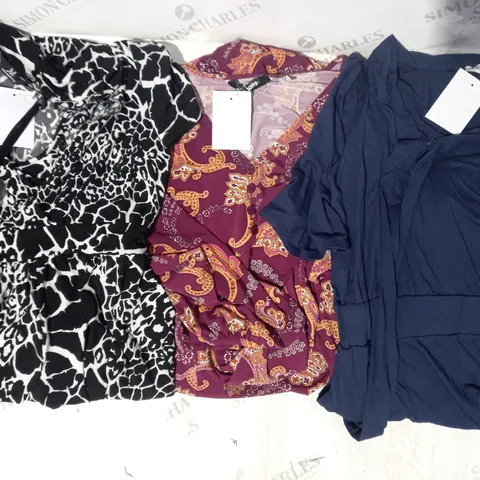 BOX OF APPROXIMATELY 20 ASSORTED CLOTHING ITEMS IN VARIOUS STYLES AND SIZES TO INCLUDE CRYSTAL KOBE, JULIEN MACDONALD, ETC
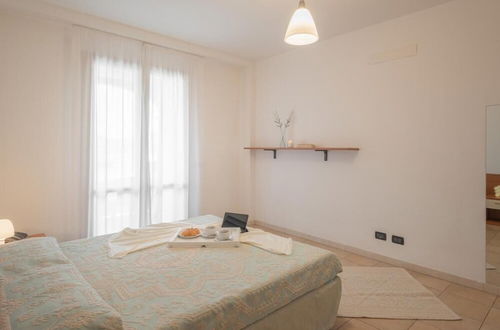 Photo 3 - Stylish Residence Le Fontane 1 Bedroom Apartment Sleeps 4 Person-no2502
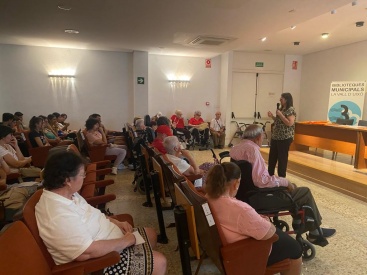 El Ayuntamiento de la Vall d'Uixo inicia el curso del club de lectura intergeneracional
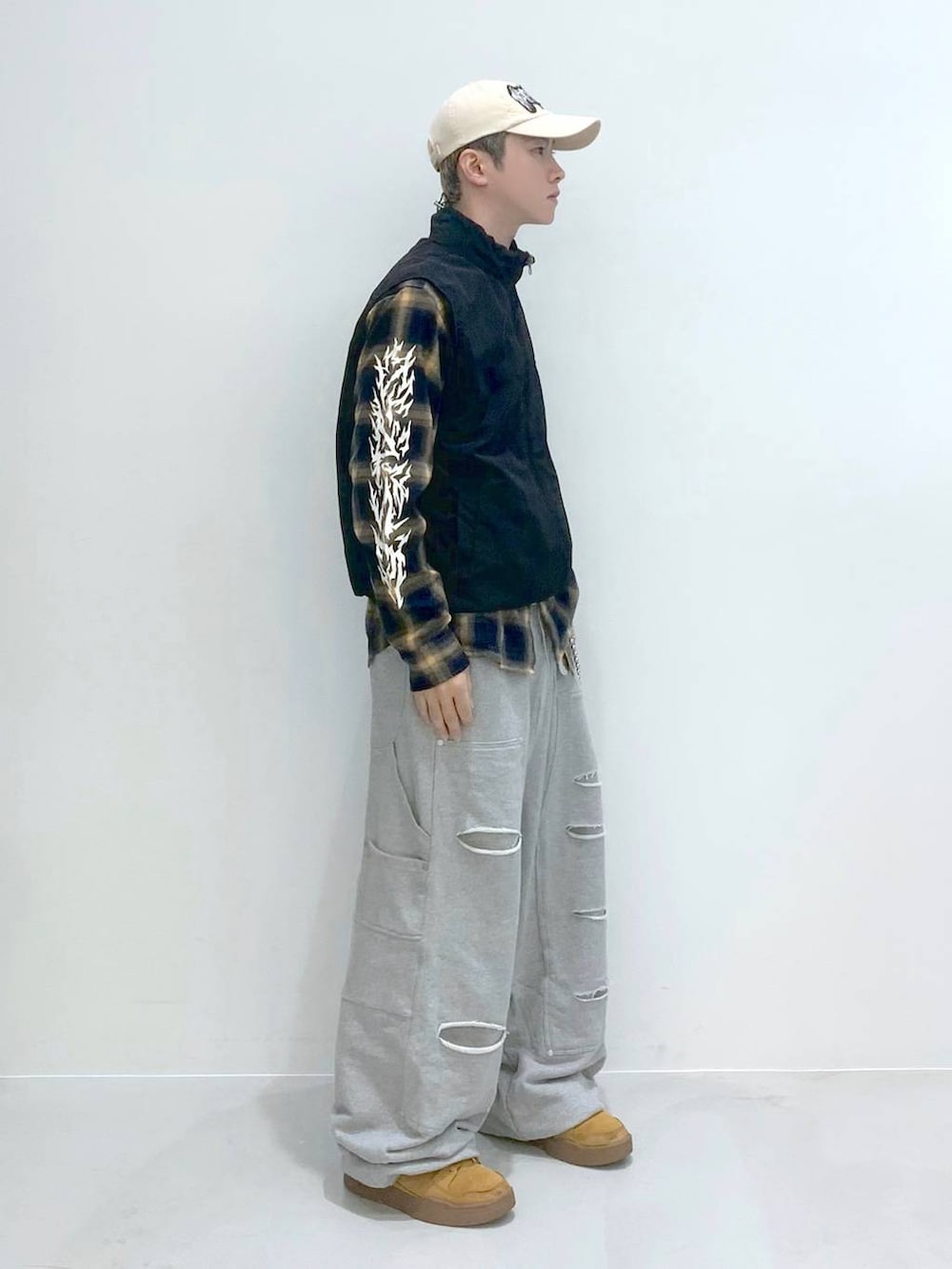 「韓国系、個性派、ストリート、スウェットパンツ、シャツ、チェック、秋コーデ、秋冬新作、秋服準備はじめました、ベスト、ALAND」｜「NOT4NERDの【UNISEX】NOT4NERD／Devil ロゴCAP（キャップ、ベージュ系）」を使った、みんみんさん（メンズ・173cm）の秋コーディネートの4枚目の写真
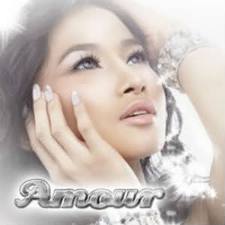 Download Gratis Lagu Amour - Apa Dia Tau Mp3 + Lirik Amour - Apa Dia Tau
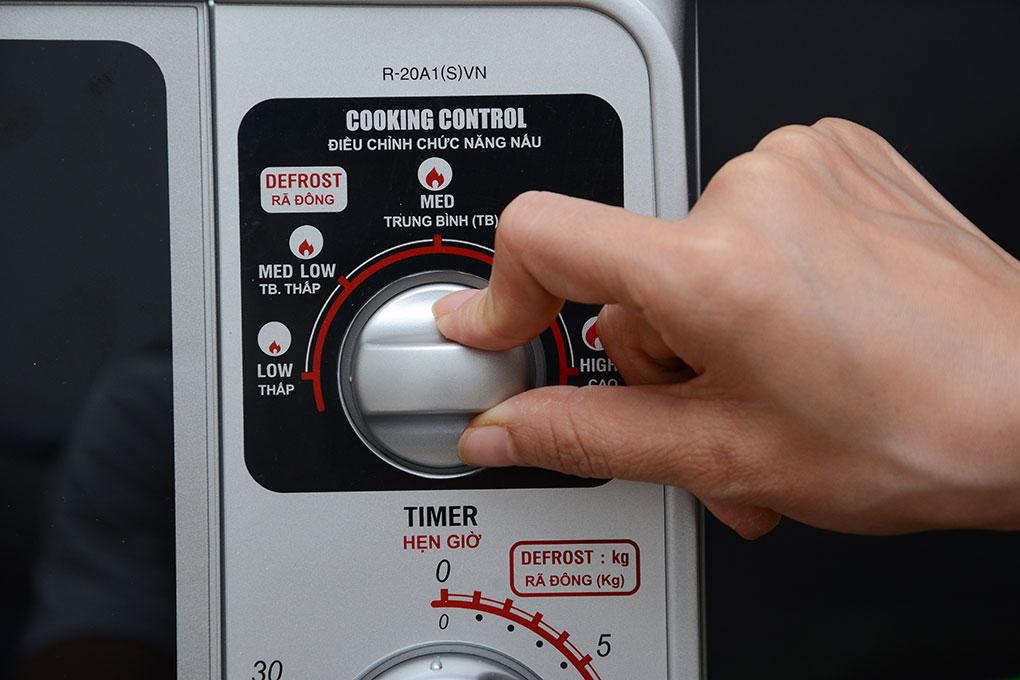 Lò vi sóng cơ Sharp R-20A1(S)VN 22L (Bạc)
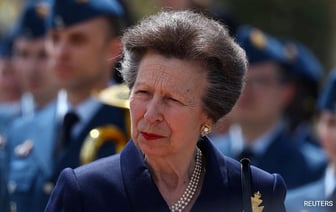 Сестра короля Карла III Анна возвращается к исполнению государственных обязанностей после госпитализации.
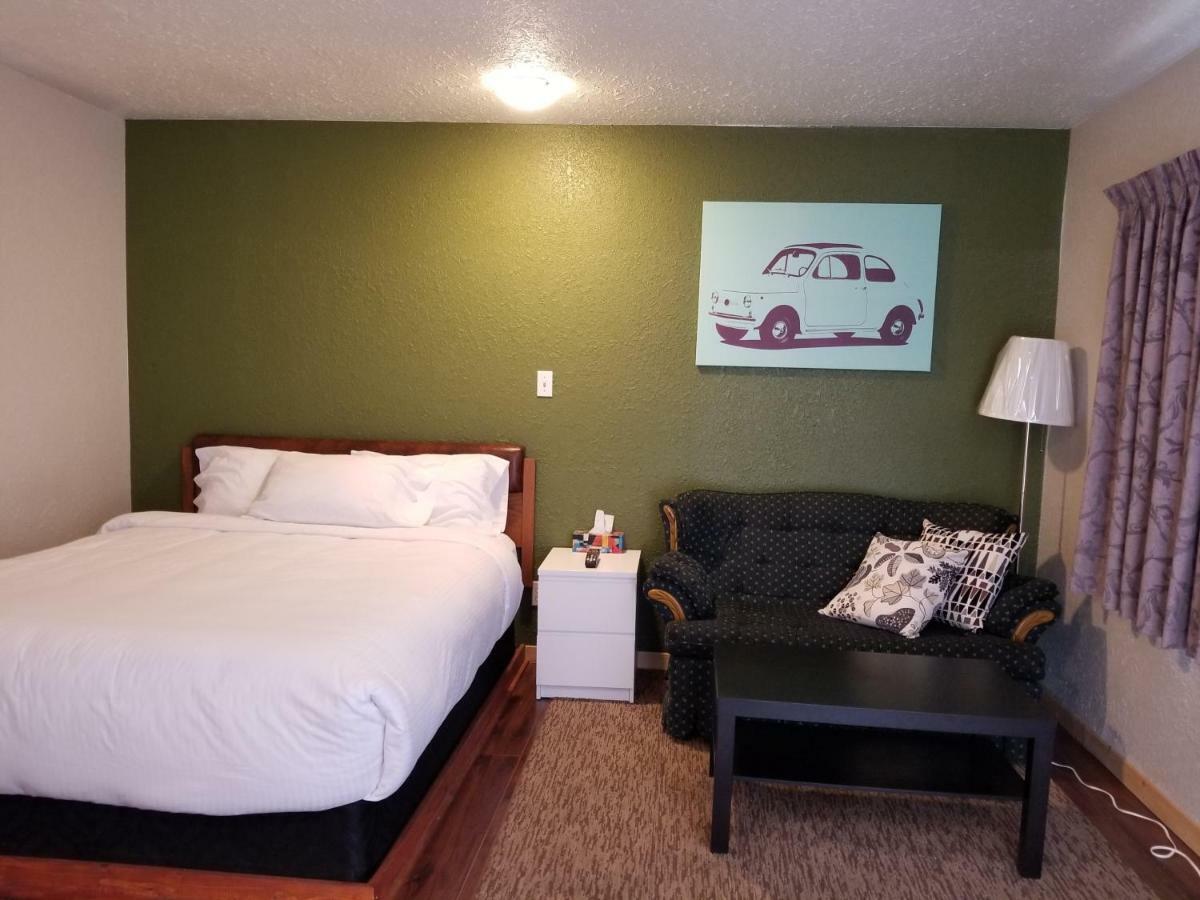 Sun Plaza Motel Sundre 外观 照片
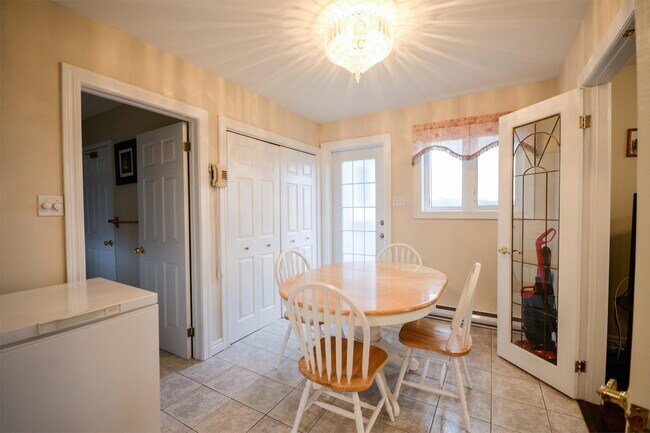 Photo du bâtiment - 33 Motion Dr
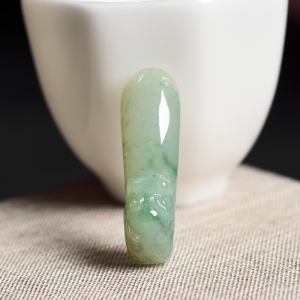 糯冰种飘翠翡翠辰龙吊坠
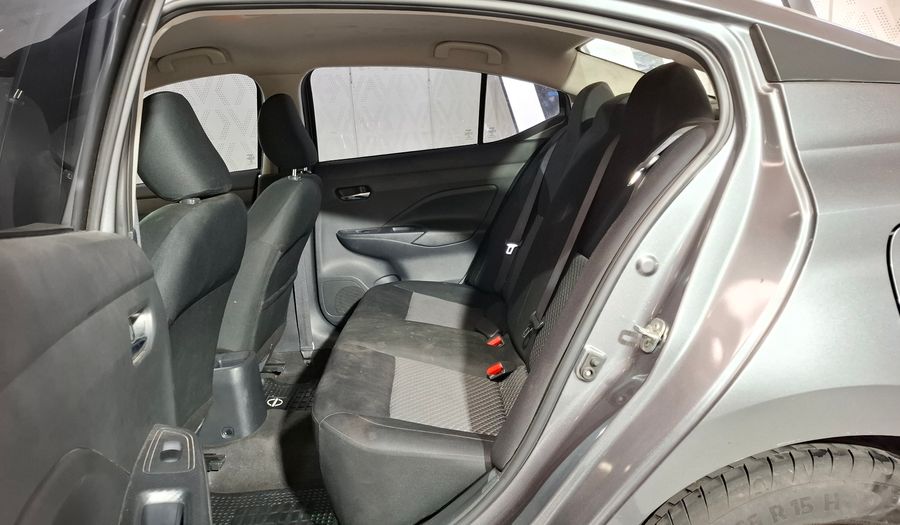Nissan Versa 1.6 SENSE Sedan 2021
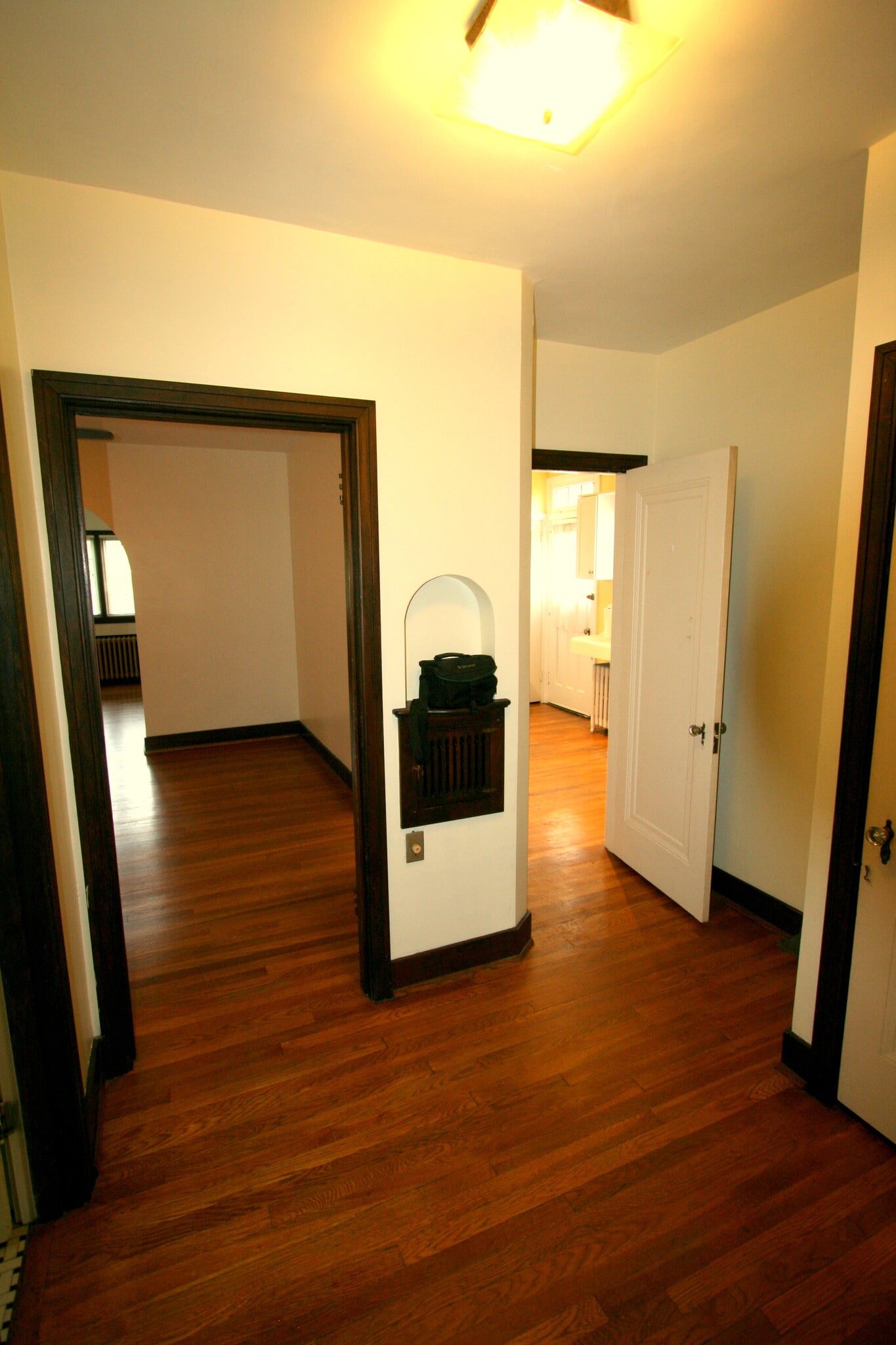 Hallway - 328 S Aiken Ave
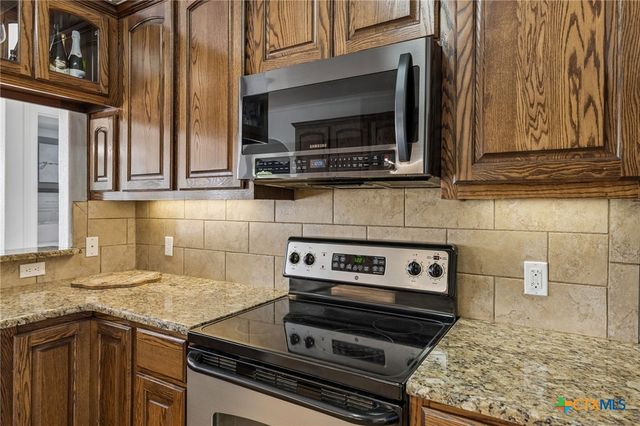324 Kimbrough Road, Seguin, TX 78155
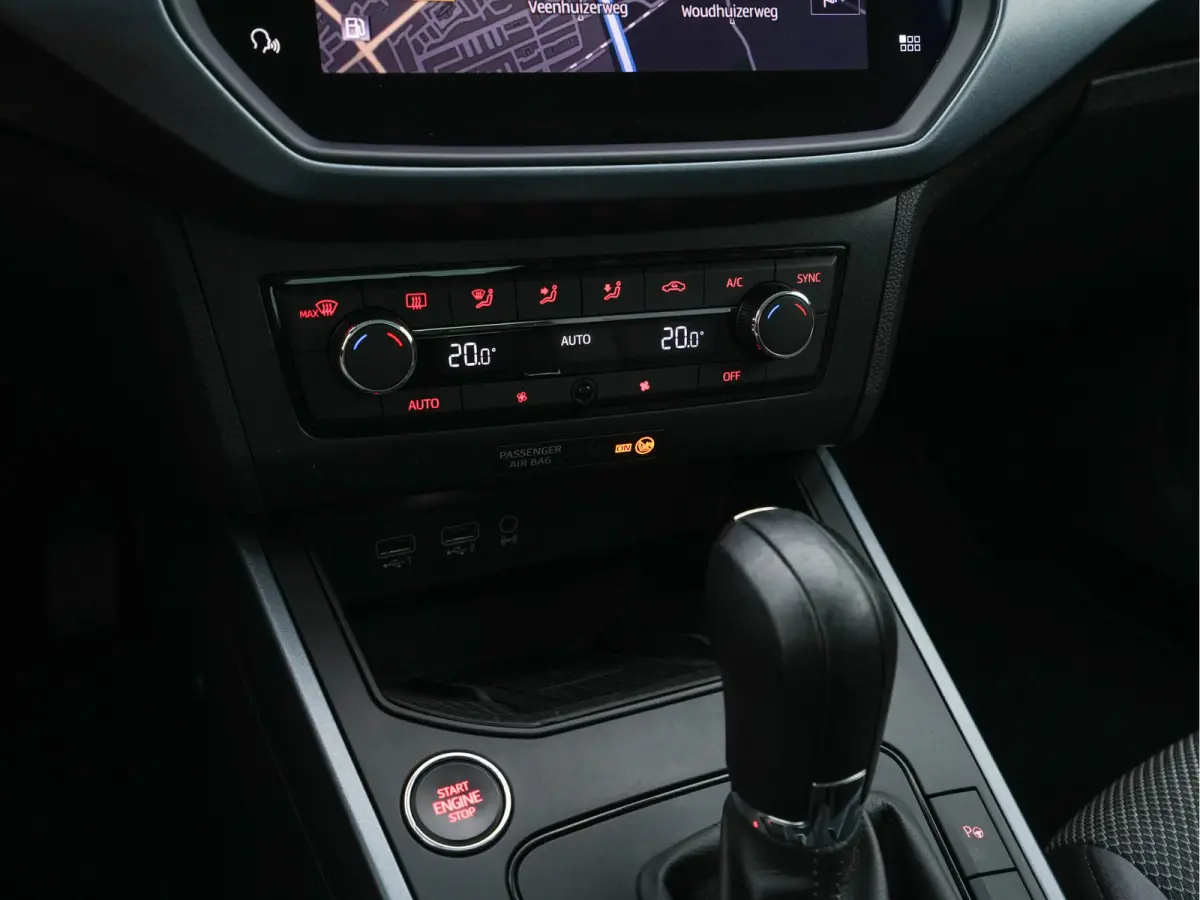 1.0 TSI Style Business Intense (INCL-BTW) Aut. *ADAPTIVE-CRUISE | NAVI-FULLMAP | KEYLESS | CAMERA | DAB | CARPLAY | PRIVACY-GLASS | ECC | PDC | 16''ALU*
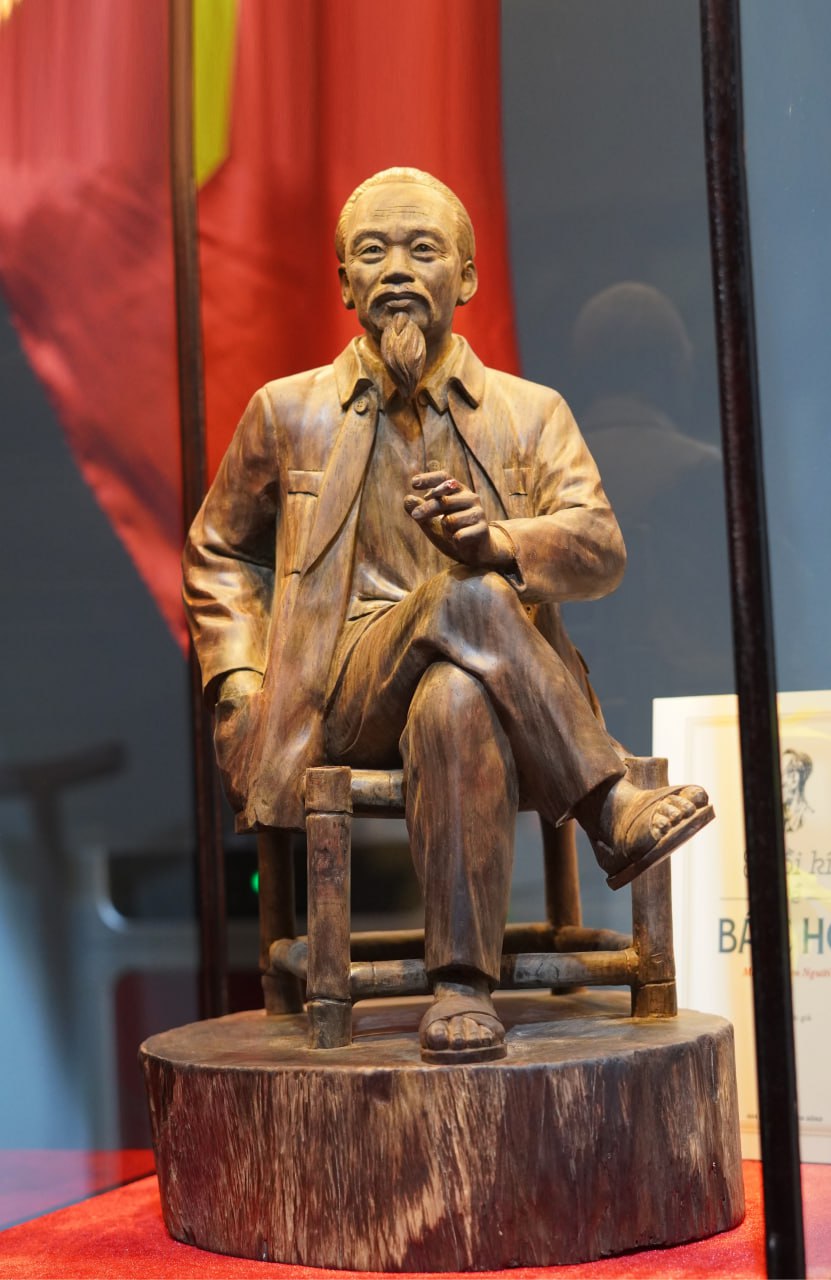 Tượng Bác Hồ Gỗ Trắc Đẹp Nhất – Đỉnh Cao Nghệ Thuật Thủ Công Việt Nam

> **Work task**: Produce a verbatim transcription of every line in the listing, images omitted.

> **Task result**:
 BOX OF APPROXIMATELY 20 ASSORTED CLOTHING ITEMS IN VARIOUS STYLES AND SIZES TO INCLUDE CRYSTAL KOBE, JULIEN MACDONALD, ETC
 Photo 3 - Stylish Residence Le Fontane 1 Bedroom Apartment Sleeps 4 Person-no2502
 El Ayuntamiento de la Vall d'Uixo inicia el curso del club de lectura intergeneracional
 「韓国系、個性派、ストリート、スウェットパンツ、シャツ、チェック、秋コーデ、秋冬新作、秋服準備はじめました、ベスト、ALAND」｜「NOT4NERDの【UNISEX】NOT4NERD／Devil ロゴCAP（キャップ、ベージュ系）」を使った、みんみんさん（メンズ・173cm）の秋コーディネートの4枚目の写真
 Download Gratis Lagu Amour - Apa Dia Tau Mp3 + Lirik Amour - Apa Dia Tau
 Lò vi sóng cơ Sharp R-20A1(S)VN 22L (Bạc)
 Сестра короля Карла III Анна возвращается к исполнению государственных обязанностей после госпитализации.
 Sun Plaza Motel Sundre 外观 照片
 Photo du bâtiment - 33 Motion Dr
 糯冰种飘翠翡翠辰龙吊坠
Nissan Versa 1.6 SENSE Sedan 2021
 Hallway - 328 S Aiken Ave
324 Kimbrough Road, Seguin, TX 78155
 1.0 TSI Style Business Intense (INCL-BTW) Aut. *ADAPTIVE-CRUISE | NAVI-FULLMAP | KEYLESS | CAMERA | DAB | CARPLAY | PRIVACY-GLASS | ECC | PDC | 16''ALU*
 Tượng Bác Hồ Gỗ Trắc Đẹp Nhất – Đỉnh Cao Nghệ Thuật Thủ Công Việt Nam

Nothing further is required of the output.